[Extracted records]
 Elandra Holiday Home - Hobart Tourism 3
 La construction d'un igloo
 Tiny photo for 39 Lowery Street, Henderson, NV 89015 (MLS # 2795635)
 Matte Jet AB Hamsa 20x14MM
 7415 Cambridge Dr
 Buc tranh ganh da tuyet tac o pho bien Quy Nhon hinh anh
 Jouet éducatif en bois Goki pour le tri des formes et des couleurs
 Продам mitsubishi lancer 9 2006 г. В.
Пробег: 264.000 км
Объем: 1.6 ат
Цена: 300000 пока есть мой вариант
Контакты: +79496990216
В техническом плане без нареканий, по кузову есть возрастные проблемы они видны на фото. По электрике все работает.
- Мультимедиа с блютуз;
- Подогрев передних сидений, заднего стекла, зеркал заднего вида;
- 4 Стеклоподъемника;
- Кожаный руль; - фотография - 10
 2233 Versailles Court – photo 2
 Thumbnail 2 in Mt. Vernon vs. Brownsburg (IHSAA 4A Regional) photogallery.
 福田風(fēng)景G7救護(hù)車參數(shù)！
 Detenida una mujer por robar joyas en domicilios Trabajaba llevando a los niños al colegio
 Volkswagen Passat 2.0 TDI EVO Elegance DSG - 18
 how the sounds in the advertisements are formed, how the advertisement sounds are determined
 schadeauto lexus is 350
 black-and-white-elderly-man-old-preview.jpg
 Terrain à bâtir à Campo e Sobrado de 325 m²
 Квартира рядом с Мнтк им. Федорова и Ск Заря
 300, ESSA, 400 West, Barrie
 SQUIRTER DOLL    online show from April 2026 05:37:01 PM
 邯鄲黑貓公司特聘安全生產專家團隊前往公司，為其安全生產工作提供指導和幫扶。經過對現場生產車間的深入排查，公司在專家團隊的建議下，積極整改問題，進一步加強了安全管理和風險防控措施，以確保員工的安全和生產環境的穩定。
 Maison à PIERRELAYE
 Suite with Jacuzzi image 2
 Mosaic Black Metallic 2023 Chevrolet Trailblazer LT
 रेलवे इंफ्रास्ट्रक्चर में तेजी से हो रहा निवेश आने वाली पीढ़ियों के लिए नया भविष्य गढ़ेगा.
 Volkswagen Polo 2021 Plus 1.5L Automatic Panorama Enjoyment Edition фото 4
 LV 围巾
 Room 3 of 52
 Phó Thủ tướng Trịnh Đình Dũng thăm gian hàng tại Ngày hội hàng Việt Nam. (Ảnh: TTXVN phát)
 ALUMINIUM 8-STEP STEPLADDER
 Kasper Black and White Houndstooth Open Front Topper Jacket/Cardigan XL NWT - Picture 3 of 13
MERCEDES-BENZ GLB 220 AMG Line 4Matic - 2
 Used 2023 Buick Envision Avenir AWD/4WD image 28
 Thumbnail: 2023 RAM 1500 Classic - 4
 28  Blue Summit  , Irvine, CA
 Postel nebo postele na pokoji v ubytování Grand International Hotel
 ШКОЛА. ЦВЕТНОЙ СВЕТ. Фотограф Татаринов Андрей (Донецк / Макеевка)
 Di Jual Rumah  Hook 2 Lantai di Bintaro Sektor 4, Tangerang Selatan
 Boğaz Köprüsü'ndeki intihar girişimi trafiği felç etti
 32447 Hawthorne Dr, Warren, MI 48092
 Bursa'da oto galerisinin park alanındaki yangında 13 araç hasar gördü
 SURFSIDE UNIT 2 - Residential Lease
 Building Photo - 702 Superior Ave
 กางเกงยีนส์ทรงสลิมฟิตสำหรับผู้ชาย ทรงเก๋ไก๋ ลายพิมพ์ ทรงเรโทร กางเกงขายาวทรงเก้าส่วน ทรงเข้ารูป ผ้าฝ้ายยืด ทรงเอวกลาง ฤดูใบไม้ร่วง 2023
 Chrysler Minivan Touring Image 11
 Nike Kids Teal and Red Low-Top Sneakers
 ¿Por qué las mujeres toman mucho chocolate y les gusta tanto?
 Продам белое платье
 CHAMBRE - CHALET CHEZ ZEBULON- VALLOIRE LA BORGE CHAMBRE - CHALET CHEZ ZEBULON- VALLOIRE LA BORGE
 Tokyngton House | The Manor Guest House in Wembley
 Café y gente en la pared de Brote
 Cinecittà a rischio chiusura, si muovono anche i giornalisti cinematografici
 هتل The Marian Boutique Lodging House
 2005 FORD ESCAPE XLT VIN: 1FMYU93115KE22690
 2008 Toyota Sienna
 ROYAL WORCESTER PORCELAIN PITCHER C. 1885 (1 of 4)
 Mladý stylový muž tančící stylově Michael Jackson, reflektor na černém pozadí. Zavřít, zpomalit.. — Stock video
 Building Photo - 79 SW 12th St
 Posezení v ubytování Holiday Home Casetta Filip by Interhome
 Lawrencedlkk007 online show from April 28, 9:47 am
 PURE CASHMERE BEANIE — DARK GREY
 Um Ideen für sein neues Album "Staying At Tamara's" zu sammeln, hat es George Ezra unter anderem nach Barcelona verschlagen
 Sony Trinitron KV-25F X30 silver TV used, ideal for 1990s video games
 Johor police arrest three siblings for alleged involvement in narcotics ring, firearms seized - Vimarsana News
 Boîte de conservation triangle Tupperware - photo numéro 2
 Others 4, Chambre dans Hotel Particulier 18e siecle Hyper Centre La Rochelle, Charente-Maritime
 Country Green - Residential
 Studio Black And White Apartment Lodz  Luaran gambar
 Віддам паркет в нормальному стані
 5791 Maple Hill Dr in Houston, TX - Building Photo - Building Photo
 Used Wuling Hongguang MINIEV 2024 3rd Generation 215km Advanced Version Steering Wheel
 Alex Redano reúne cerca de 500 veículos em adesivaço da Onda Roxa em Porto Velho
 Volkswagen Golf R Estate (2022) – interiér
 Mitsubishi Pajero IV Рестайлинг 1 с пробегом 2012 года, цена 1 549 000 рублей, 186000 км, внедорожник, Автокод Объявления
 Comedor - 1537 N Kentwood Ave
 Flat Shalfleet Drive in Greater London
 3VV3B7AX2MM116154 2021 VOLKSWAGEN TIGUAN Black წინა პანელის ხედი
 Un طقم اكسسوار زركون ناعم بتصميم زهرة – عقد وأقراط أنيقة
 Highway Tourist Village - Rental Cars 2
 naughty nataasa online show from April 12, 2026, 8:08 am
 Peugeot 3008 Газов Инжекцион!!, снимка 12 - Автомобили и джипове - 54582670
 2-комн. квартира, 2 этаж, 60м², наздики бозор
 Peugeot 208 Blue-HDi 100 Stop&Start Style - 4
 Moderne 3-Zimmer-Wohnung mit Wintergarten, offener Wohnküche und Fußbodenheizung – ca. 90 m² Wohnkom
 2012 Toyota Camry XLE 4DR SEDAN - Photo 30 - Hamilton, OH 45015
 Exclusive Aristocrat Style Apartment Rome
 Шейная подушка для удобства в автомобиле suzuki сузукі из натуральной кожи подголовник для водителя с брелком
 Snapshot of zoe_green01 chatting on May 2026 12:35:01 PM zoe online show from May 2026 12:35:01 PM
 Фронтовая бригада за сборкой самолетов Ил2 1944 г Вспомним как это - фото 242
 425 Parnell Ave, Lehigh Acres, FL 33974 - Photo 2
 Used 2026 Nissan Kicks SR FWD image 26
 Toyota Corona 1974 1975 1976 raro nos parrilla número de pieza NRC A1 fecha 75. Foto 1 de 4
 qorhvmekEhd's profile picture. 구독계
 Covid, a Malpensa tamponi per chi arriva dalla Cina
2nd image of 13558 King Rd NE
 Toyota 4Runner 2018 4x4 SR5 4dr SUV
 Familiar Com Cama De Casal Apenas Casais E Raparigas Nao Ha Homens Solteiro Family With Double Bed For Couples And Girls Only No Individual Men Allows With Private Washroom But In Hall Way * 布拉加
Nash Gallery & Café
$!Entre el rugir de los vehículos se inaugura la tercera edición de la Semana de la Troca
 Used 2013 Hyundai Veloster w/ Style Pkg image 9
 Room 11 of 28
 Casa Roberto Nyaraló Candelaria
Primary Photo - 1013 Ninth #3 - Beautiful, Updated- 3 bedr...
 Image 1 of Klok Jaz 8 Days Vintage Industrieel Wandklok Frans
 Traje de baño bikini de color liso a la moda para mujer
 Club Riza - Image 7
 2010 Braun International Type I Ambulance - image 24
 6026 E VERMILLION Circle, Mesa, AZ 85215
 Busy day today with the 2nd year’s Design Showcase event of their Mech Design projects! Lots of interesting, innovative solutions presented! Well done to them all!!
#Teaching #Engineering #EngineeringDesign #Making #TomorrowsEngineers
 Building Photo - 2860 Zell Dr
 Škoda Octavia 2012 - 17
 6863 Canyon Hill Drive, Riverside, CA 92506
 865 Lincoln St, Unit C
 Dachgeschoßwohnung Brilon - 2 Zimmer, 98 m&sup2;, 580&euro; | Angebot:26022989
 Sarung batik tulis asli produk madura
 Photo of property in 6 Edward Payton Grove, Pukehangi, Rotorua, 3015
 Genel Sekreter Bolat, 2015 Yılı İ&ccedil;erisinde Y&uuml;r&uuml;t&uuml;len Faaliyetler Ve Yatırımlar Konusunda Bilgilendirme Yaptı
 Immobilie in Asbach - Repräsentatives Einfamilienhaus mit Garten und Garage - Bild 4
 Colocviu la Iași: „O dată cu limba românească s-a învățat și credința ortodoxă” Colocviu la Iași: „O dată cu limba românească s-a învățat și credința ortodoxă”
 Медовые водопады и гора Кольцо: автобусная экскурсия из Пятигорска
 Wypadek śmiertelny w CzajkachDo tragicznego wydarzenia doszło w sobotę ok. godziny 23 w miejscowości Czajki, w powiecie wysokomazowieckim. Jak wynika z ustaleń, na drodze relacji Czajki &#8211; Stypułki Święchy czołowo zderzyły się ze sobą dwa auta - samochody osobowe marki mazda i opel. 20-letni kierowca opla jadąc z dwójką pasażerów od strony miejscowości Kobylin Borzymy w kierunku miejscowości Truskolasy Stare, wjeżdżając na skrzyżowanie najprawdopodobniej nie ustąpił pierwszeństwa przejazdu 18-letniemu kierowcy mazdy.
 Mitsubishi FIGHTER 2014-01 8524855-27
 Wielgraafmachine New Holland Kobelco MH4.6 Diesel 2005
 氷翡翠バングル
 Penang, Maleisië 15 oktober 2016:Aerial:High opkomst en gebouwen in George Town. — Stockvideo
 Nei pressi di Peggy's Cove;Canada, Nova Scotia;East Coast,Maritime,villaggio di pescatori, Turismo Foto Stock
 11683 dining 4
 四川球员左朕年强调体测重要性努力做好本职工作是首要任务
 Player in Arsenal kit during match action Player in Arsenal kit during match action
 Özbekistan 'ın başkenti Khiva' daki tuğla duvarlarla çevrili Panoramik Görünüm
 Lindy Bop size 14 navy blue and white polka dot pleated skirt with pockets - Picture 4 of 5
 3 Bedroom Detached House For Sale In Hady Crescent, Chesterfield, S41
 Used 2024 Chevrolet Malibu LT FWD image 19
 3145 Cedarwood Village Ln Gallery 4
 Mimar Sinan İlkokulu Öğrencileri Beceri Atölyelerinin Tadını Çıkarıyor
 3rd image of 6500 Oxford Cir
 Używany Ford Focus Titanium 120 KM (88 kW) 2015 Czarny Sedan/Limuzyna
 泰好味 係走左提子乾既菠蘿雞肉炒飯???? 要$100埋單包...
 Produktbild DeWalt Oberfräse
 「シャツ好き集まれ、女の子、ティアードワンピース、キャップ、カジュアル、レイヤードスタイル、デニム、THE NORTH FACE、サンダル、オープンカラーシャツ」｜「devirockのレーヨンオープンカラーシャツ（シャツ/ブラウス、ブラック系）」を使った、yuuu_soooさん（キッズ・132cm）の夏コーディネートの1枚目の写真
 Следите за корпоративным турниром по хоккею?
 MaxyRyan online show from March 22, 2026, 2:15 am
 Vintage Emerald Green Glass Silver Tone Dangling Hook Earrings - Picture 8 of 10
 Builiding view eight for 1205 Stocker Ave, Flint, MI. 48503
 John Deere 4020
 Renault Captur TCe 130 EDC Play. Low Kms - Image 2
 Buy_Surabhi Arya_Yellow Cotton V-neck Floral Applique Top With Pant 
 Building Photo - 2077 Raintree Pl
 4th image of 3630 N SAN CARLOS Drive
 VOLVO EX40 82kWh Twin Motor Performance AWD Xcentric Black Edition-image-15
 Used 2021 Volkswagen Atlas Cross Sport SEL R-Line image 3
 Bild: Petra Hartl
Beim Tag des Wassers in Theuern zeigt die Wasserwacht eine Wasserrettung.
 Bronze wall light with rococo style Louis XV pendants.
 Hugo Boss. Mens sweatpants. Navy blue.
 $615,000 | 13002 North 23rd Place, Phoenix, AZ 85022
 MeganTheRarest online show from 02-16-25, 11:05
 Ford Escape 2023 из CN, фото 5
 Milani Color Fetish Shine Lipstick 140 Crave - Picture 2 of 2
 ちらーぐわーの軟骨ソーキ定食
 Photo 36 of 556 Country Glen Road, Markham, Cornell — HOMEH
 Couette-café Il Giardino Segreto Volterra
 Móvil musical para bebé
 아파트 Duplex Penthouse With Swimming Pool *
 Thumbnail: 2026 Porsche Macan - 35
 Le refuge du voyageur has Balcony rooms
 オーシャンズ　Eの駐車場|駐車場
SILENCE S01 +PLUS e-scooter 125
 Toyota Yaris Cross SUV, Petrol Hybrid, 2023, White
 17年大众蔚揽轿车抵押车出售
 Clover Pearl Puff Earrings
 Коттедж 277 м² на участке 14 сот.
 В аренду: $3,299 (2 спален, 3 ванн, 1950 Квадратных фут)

**Exercise objective**.
In the entries above, how many lines contain the string "para"? Say only the number.

**Answer below**.
2